Note: The Options::merge_operator field is defined as a shared-pointer to a MergeOperator. As specified above, the AssociativeMergeOperator inherits from MergeOperator, so it is okay to specify an AssociativeMergeOperator here. This is the approach used in the following example.

Client code change:

Given the above interface change, the client can implement a version of Counters that directly utilizes the built-in Merge operation.

Counters v2:

    // A 'model' merge operator with uint64 addition semantics
    class UInt64AddOperator : public AssociativeMergeOperator {
     public:
      virtual bool Merge(
        const Slice& key,
        const Slice* existing_value,
        const Slice& value,
        std::string* new_value,
        Logger* logger) const override {

        // assuming 0 if no existing value
        uint64_t existing = 0;
        if (existing_value) {
          if (!Deserialize(*existing_value, &existing)) {
            // if existing_value is corrupted, treat it as 0
            Log(logger, "existing value corruption");
            existing = 0;
          }
        }

        uint64_t oper;
        if (!Deserialize(value, &oper)) {
          // if operand is corrupted, treat it as 0
          Log(logger, "operand value corruption");
          oper = 0;
        }

        auto new = existing + oper;
        *new_value = Serialize(new);
        return true;        // always return true for this, since we treat all errors as "zero".
      }

      virtual const char* Name() const override {
        return "UInt64AddOperator";
       }
    };

    // Implement 'add' directly with the new Merge operation
    class MergeBasedCounters : public RocksCounters {
     public:
      MergeBasedCounters(std::shared_ptr<DB> db);

      // mapped to a leveldb Merge operation
      virtual void Add(const string& key, uint64_t value) override {
        string serialized = Serialize(value);
        db_->Merge(merge_option_, key, serialized);
      }
    };

    // How to use it
    DB* dbp;
    Options options;
    options.merge_operator.reset(new UInt64AddOperator);
    DB::Open(options, "/tmp/db", &dbp);
    std::shared_ptr<DB> db(dbp);
    MergeBasedCounters counters(db);
    counters.Add("a", 1);
    ...
    uint64_t v;
    counters.Get("a", &v);

The user interface change is relatively small. And the RocksDB back-end takes care of the rest.

Associativity vs. Non-Associativity

Up until now, we have used the relatively simple example of maintaining a database of counters. And it turns out that the aforementioned AssociativeMergeOperator interface is generally pretty good for handling many use-cases such as this. For instance, if you wanted to maintain a set of strings, with an "append" operation, then what we've seen so far could be easily adapted to handle that as well.
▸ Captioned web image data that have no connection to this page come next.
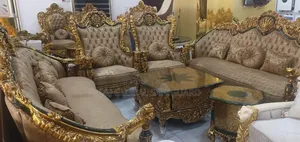 8-Guji Royal Sofas - Sabon Abu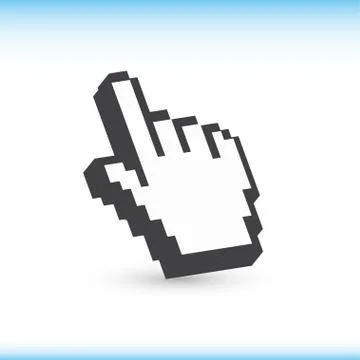 Computer hand cursor イラスト素材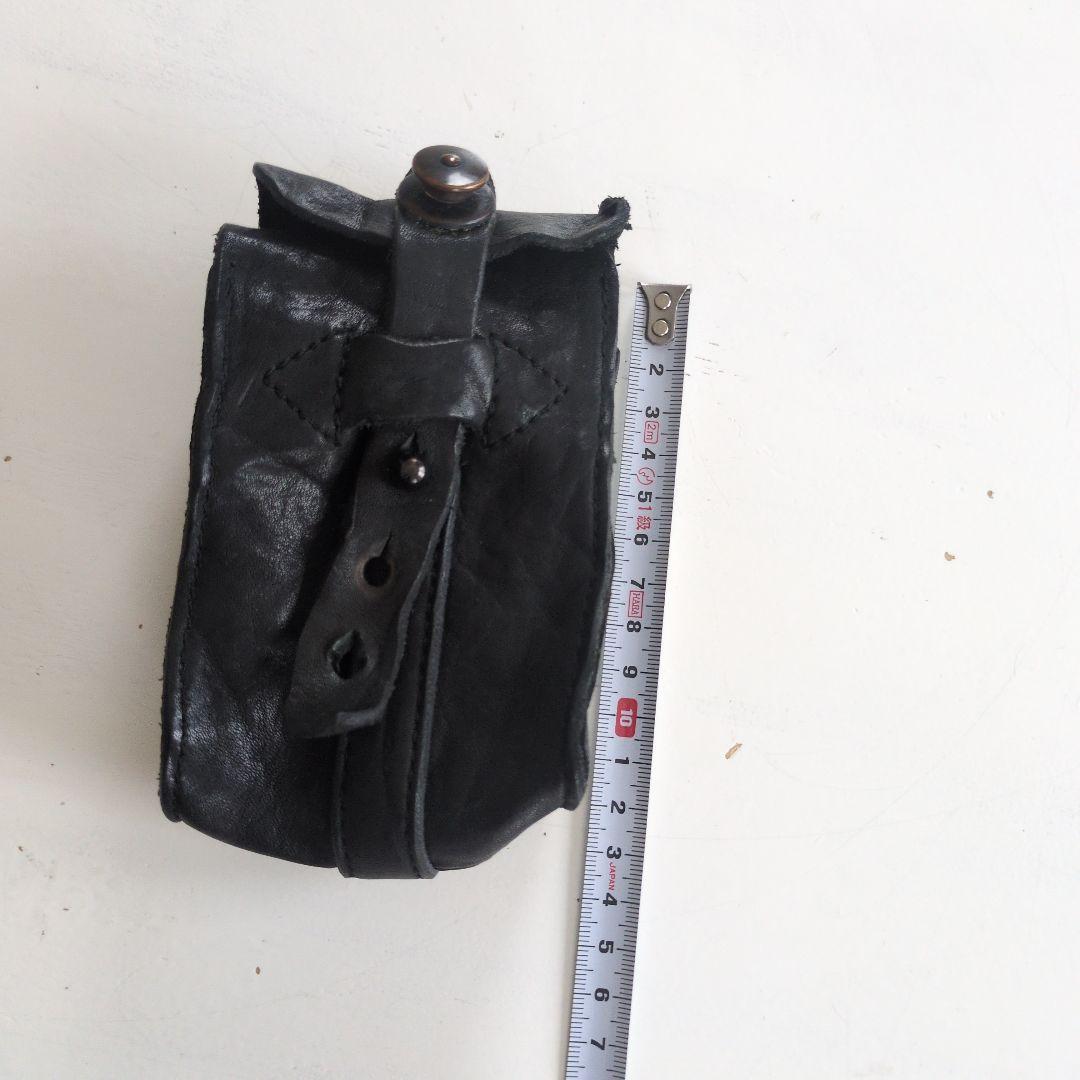 バックラッシュ黒 レザー ウエストポーチ
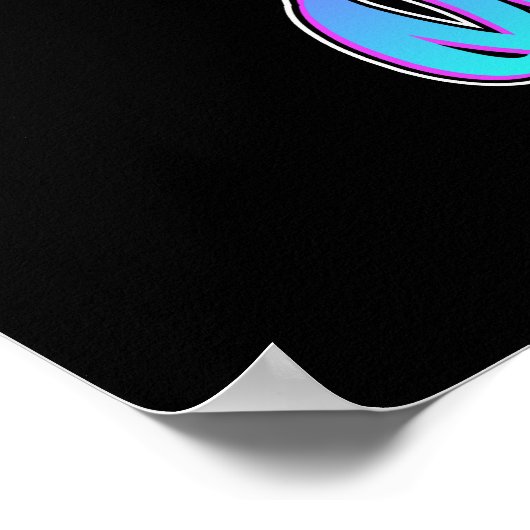 麻雀クイーンゲーム麻雀プレイヤーゲームグラフィック ポスター (角)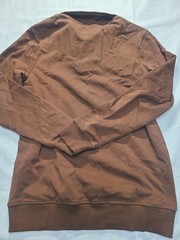 Men’s Regular Fit High Neck Pullover Sweatshirt Goodfellow & Co Brown Size S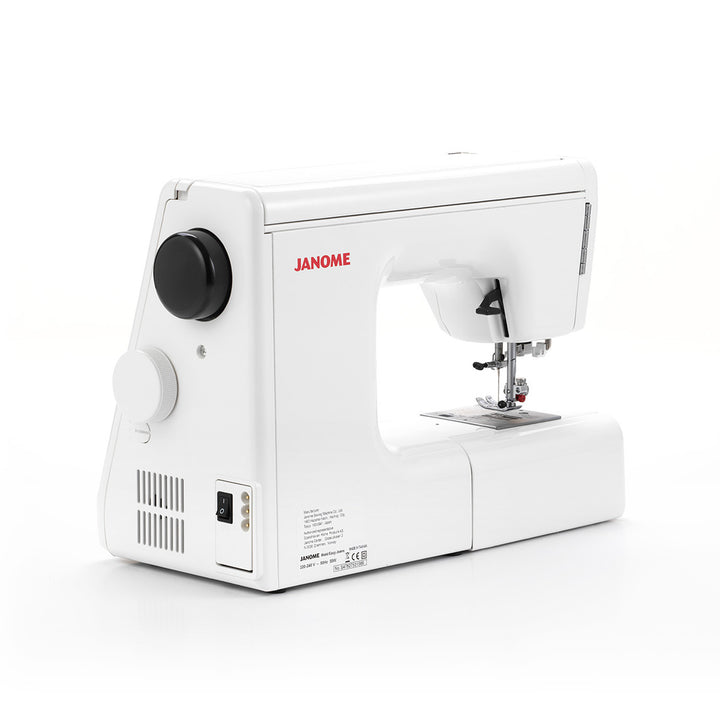 Janome Easy Jeans 1800 -ompelukone, vahva ja monipuolinen kone vaatteiden, tilkkutöiden ja paksujen kankaiden ompeluun.
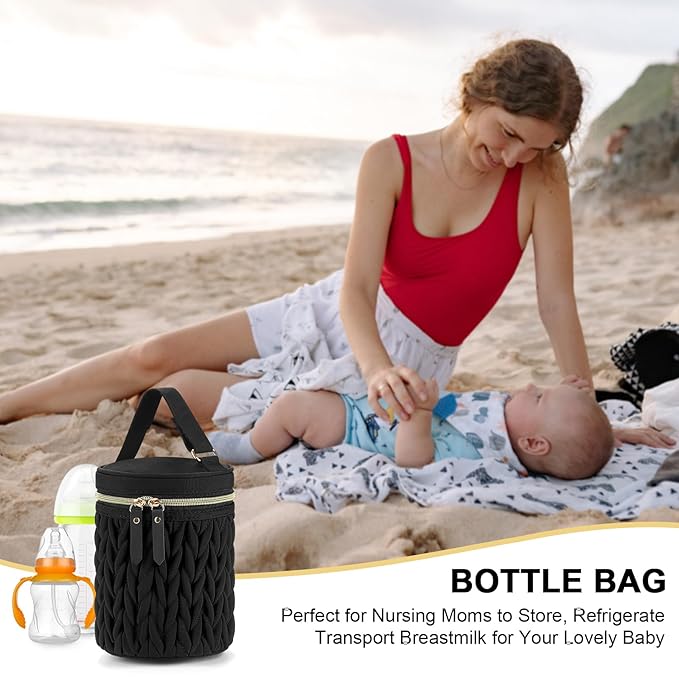 Accmor Breastmilk Cooler Bag, Insulated Baby Bottle Cooler Tote Bags for Nursing Mom Daycare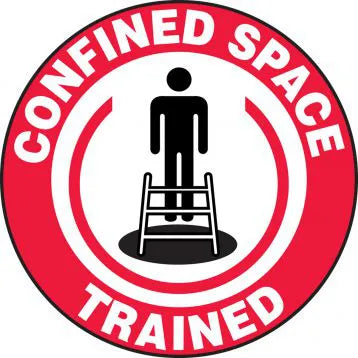 Confined Space Trained Hard Hat Stickers 2.5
So, why are these cases considered "simple"? Well, implicitly, we have assumed something about the data: associativity. This means we have assumed that:

  • The values that are Put() into the RocksDB database have the same format as the merge operands called with Merge(); and
  • It is okay to combine multiple merge operands into a single merge operand using the same user-specified merge operator.

For example, look at the Counters case. The RocksDB database internally stores each value as a serialized 8-byte integer. So, when the client calls Counters::Set (corresponding to a DB::Put()), the argument is exactly in that format. And similarly, when the client calls Counters::Add (corresponding to a DB::Merge()), the merge operand is also a serialized 8-byte integer. This means that, in the client's UInt64AddOperator, the *existing_value may have corresponded to the original Put(), or it may have corresponded to a merge operand; it doesn't really matter! In all cases, as long as the *existing_value and value are given, the UInt64AddOperator behaves in the same way: it adds them together and computes the *new_value. And in turn, this *new_value may be fed into the merge operator later, upon subsequent merge calls.

By contrast, it turns out that RocksDB merge can be used in more powerful ways than this. For example, suppose we wanted our database to store a set of json strings (such as PHP arrays or objects). Then, within the database, we would want them to be stored and retrieved as fully formatted json strings, but we might want the "update" operation to correspond to updating a property of the json object. So we might be able to write code like:

    ...
    // Put/store the json string into to the database
    db_->Put(put_option_, "json_obj_key",
             "{ employees: [ {first_name: john, last_name: doe}, {first_name: adam, last_name: smith}] }");

    ...

    // Use a pre-defined "merge operator" to incrementally update the value of the json string
    db_->Merge(merge_option_, "json_obj_key", "employees[1].first_name = lucy");
    db_->Merge(merge_option_, "json_obj_key", "employees[0].last_name = dow");

In the above pseudo-code, we see that the data would be stored in RocksDB as a json string (corresponding to the original Put()), but when the client wants to update the value, a "javascript-like" assignment-statement string is passed as the merge-operand. The database would store all of these strings as-is, and would expect the user's merge operator to be able to handle it.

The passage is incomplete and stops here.